Il fait très rapidement le choix de s’engager dans les commandos et de créer la première unité française libre de ce type. Formé au deuxième semestre 1941, il propose « un véritable cahier des charges, l’acte de naissance des commandos marine à la française ». Nommé au commandement d’une unité encore à créer au début de l’année 1942, il lui faut d’abord recruter ses volontaires, en assurer la formation initiale puis complémentaire, tout en organisant ses relations à la fois avec la hiérarchie britannique et avec les autorités gaullistes. Les quelques premiers commandos français, sous uniforme anglais, engagés dans des opérations actives sont intégrés aux troupes, essentiellement canadiennes, du raid sur Dieppe en août 1942, durant lequel ils se distinguent. Mais vient ensuite le temps de l’inaction et les volontaires sont déçus : ils sont nombreux à quitter l’unité, devenue le 12 novembre 1re compagnie de fusilliers marins commandos. L’auteur, dans cette partie, ne cache rien des difficultés de Kieffer et des doutes des volontaires français. Les hommes sont progressivement brevetés parachutistes et, si quelques-uns participent à un raid avorté sur Lorient, « entre l’été et novembre 1943 s’ouvre alors une période extrêmement incertaine », en particulier du fait des oppositions qui agitent à Alger la haute hiérarchie française. On trouve alors des hommes formés par Kieffer dans les différents territoires français d’Afrique et autour de la Méditerranée.

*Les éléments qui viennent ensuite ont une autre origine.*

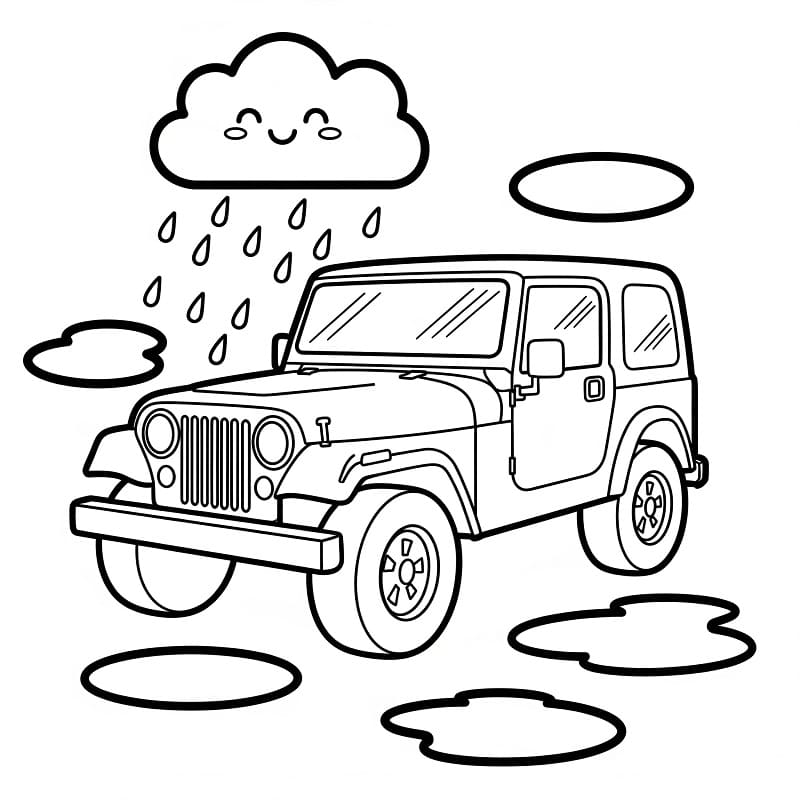 Jeep zum Ausdrucken ausmalbilder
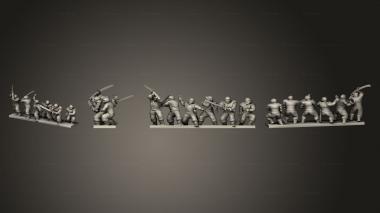 Military figurines Ninja 11 3d model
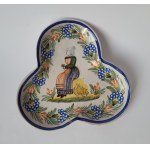 DELFT, Netherlands. Faience cup with saucer, 2nd half of the 18th century, workshop of A. Peenis (1759-1770)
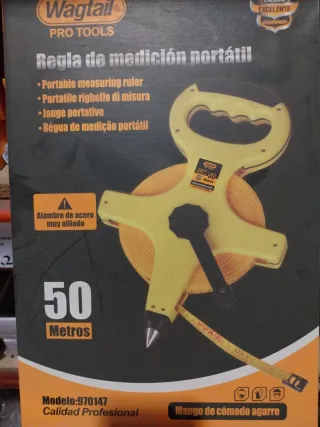 Cinta Métrica Wagtail 50m Portátil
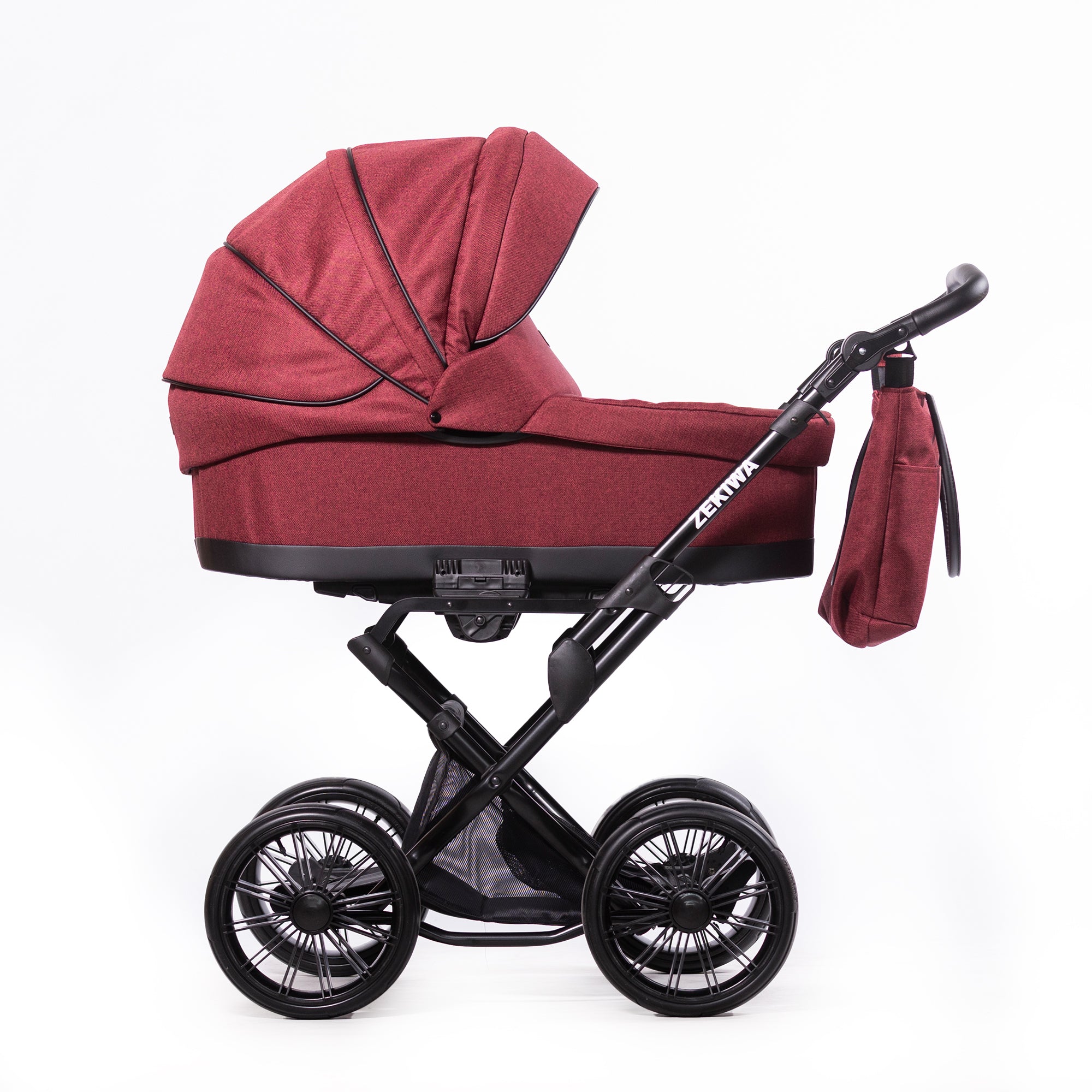 ZEKIWA 2 in 1 Kinderwagen - Waldbeere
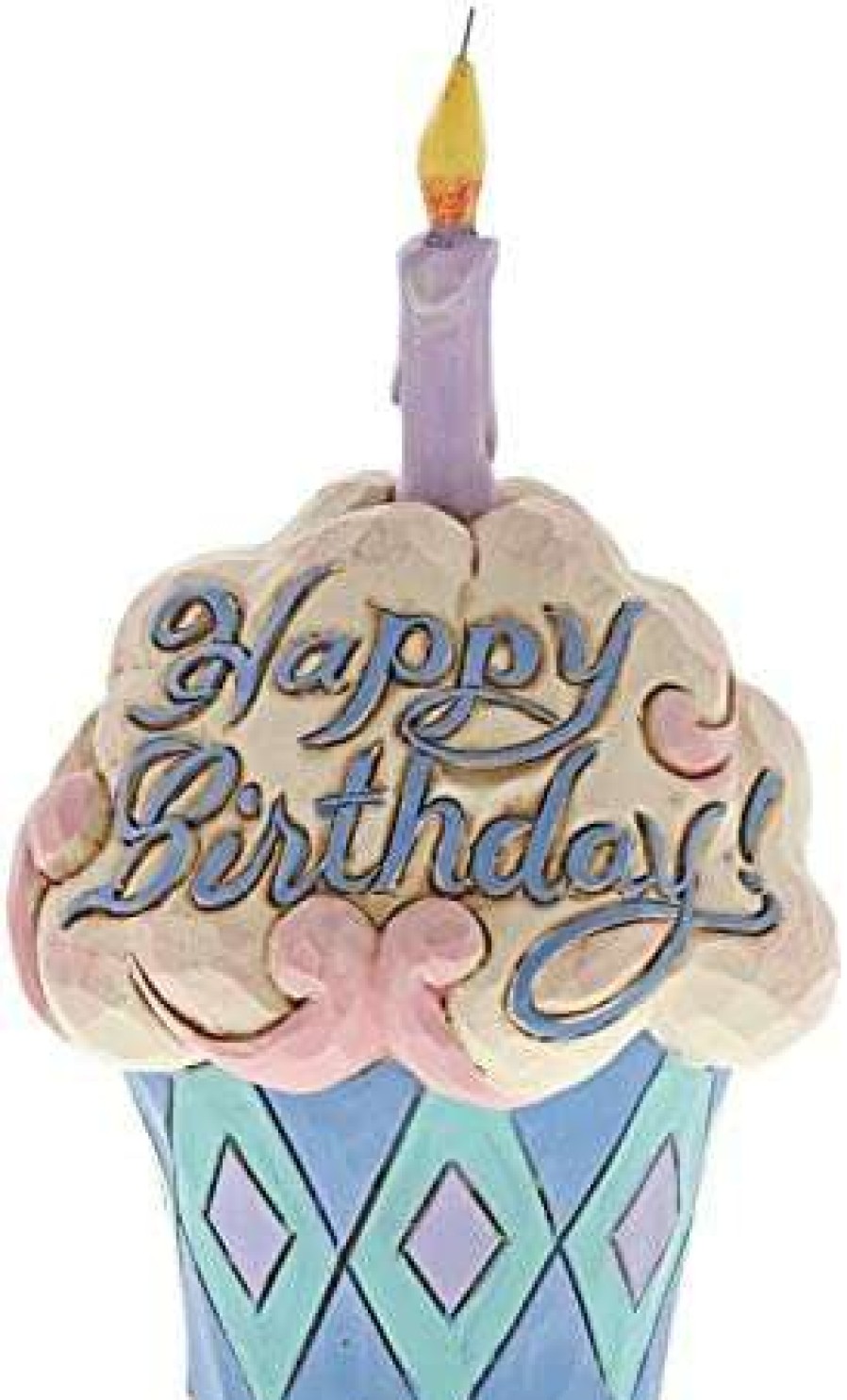 Collectible Figurines * | Reduction In Price Enesco (4052066) Jim Shore Heartwood Creek Mini Birthday Cupcake Stone Resin Figurine, 3.75 , Multicolor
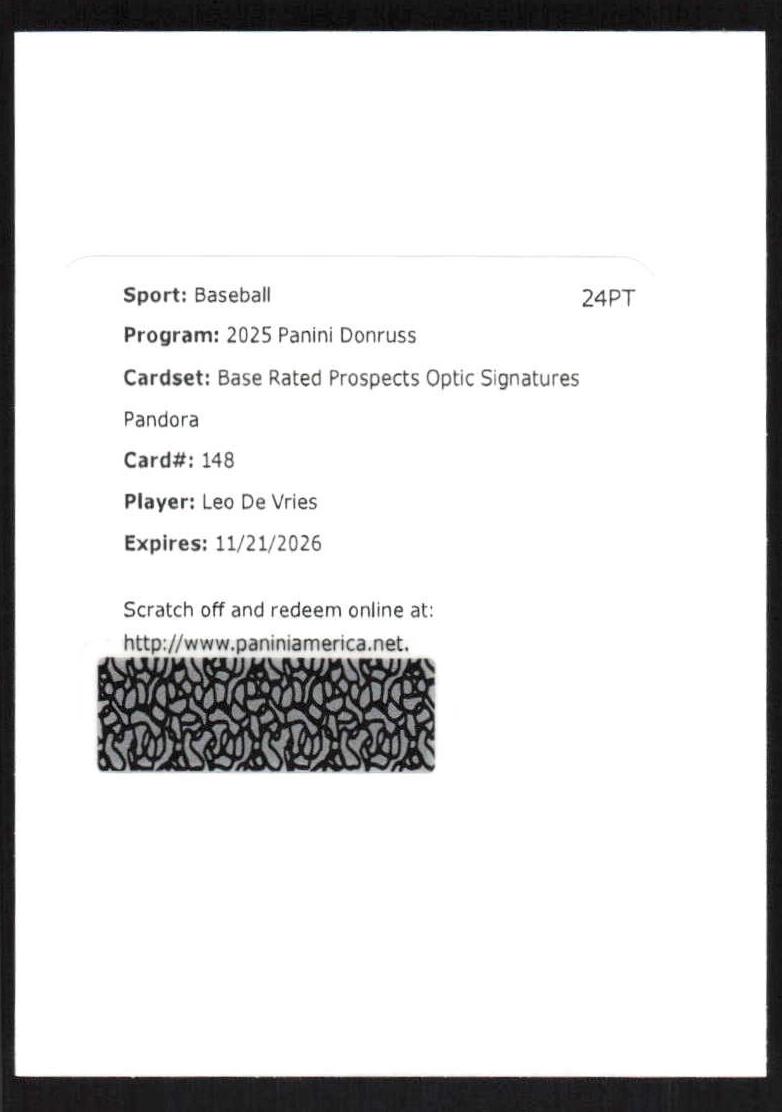 Leo De Vries [Pandora Optic Signature] #148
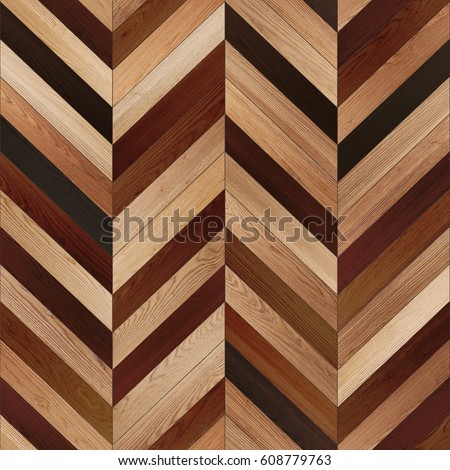 Seamless wood parquet texture (chevron various)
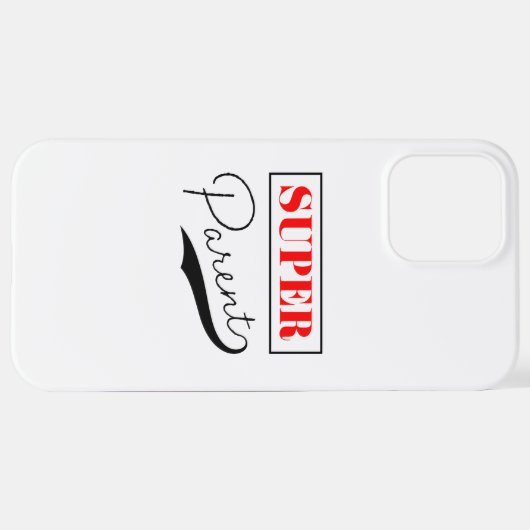 Super Parent iPhone Hoesje (Achterkant horizontaal)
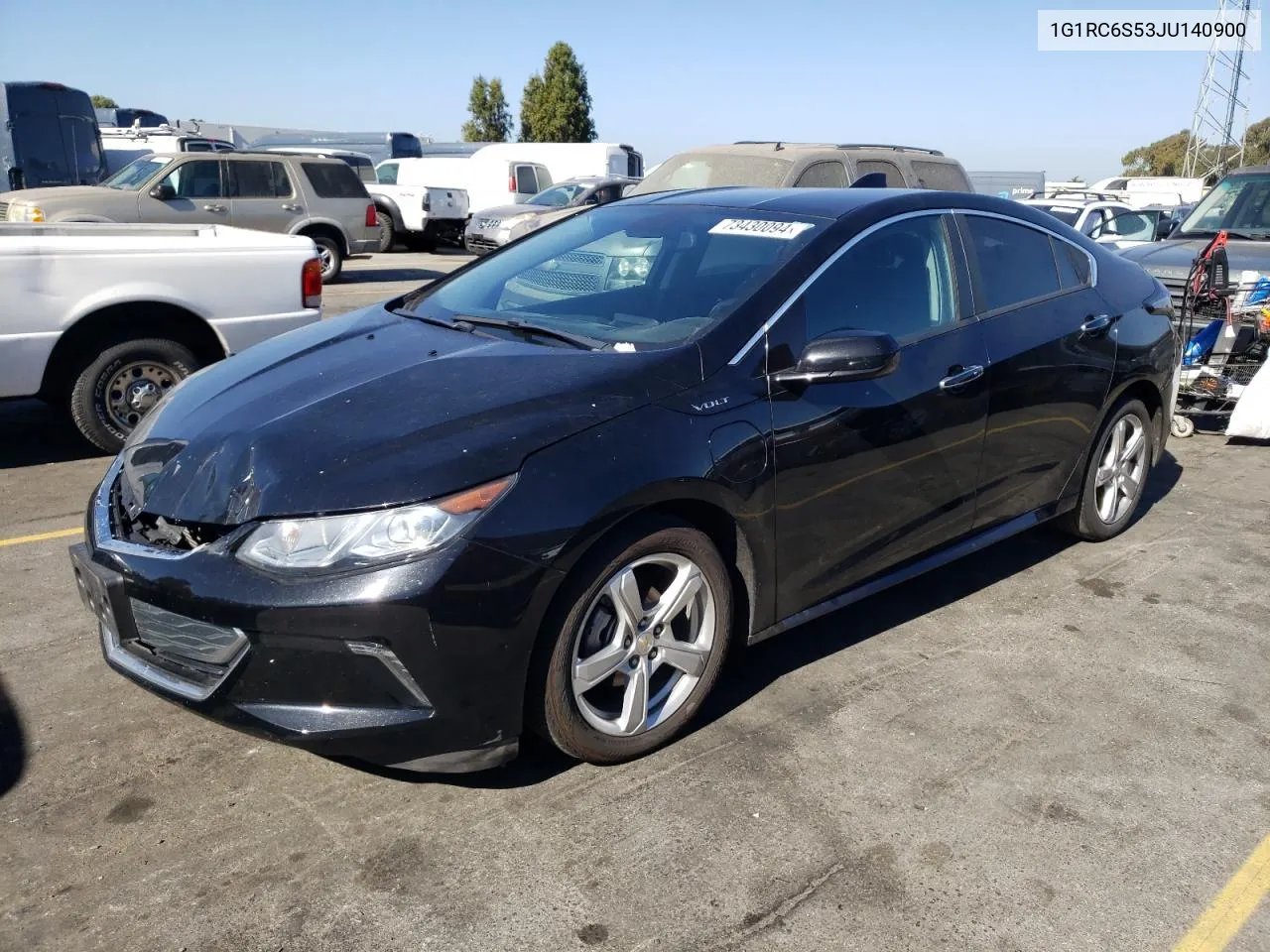 2018 Chevrolet Volt Lt VIN: 1G1RC6S53JU140900 Lot: 73430094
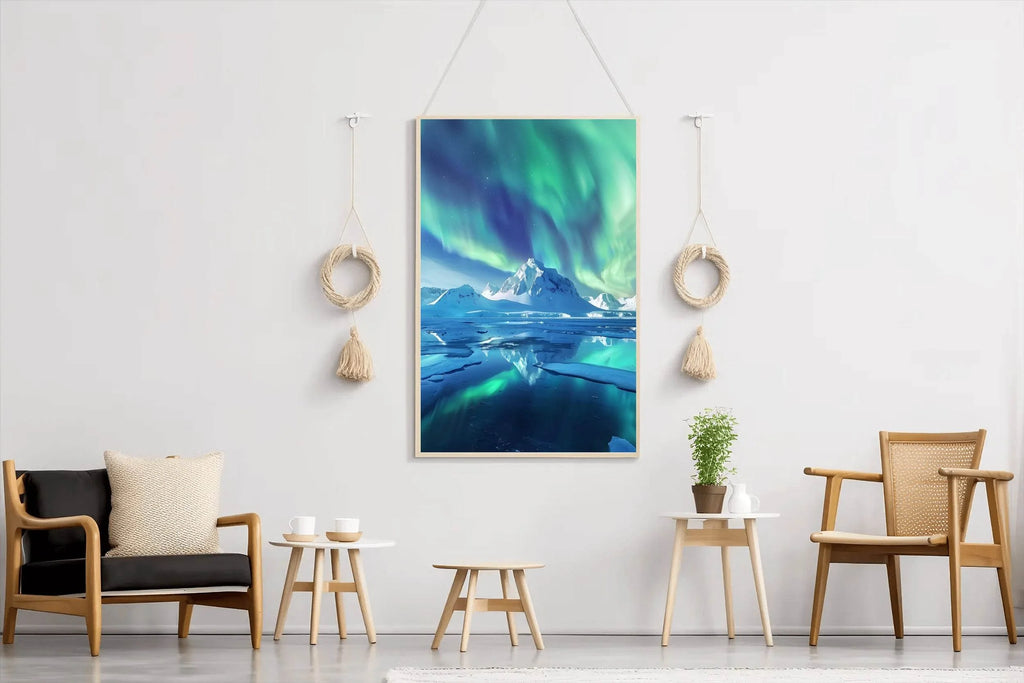 Arctic Aurora Reflection Wall Art - beink online art store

Les recrutements se poursuivent pourtant, toujours aussi difficilement. Une nouvelle compagnie est instruite en Écosse peu avant que ne commencent les raids Forfar et Hardtack, qui se succèdent de l’été à l’hiver 1943, jusqu’à la disparition du commando Trépel à la fin de février 1944. Les réorganisations se poursuivent, les effectifs fluctuent, des volontaires de l’armée de terre s’efforcent de rejoindre une troupe qui relève des forces navales, les entraînements s’enchaînent, alors que les Français sont intégrés au commando britannique n° 4 de la 1st Special Service Brigade, qui prépare déjà le débarquement sur le continent. Nous ne nous attarderons pas ici sur la désignation, les ultimes préparatifs, les combats de Kieffer et de ses hommes en Normandie, cette partie de sa biographie a été souvent racontée. Deux fois blessé le 6 juin, Kieffer doit être temporairement évacué tandis que les commandos français poursuivent la campagne, avec des formes de guerre classiques – défensive, contre-attaque – qui leur conviennent peu, et que les pertes s’ajoutent aux pertes, alors que le nombre limité de nouveaux volontaires ne permet pas de les combler. Ce sont ensuite les combats de Walcheren et des Pays-Bas. Il ne rentre finalement en Angleterre que le 1er juillet 1945 et les hommes partent en permission, avant la dissolution attendue de l’unité. Mais les tractations se multiplient au sein de l’armée française et en particulier de la Marine pour pérenniser une formation qui s’est couverte de gloire, et donc maintenir durablement une unité de commando marine, mais qui servait « à lécart » de Forces françaises libres. Ils survivront finalement à travers le centre Siroco, créé en Algérie en 1946.

Brièvement engagé en politique comme conseiller général, Philippe Kieffer rejoint ensuite Berlin, puis Bruxelles et enfin Paris, au sein des structures interalliées sur la base desquelles se construira l’otan, dont il devient directeur de l’administration et des services généraux. Kieffer décède en 1962, et c’est en 2008 que la Marine nationale donne son nom à un sixième commando marine.

Cette très intéressante biographie est complétée par deux annexes qui retracent les parcours individuels de nombreux commandos, par un solide appareil de notes et par une utile bibliographie. En résumé, un livre qui passionnera tous les amateurs de la Seconde Guerre mondiale et bien au-delà.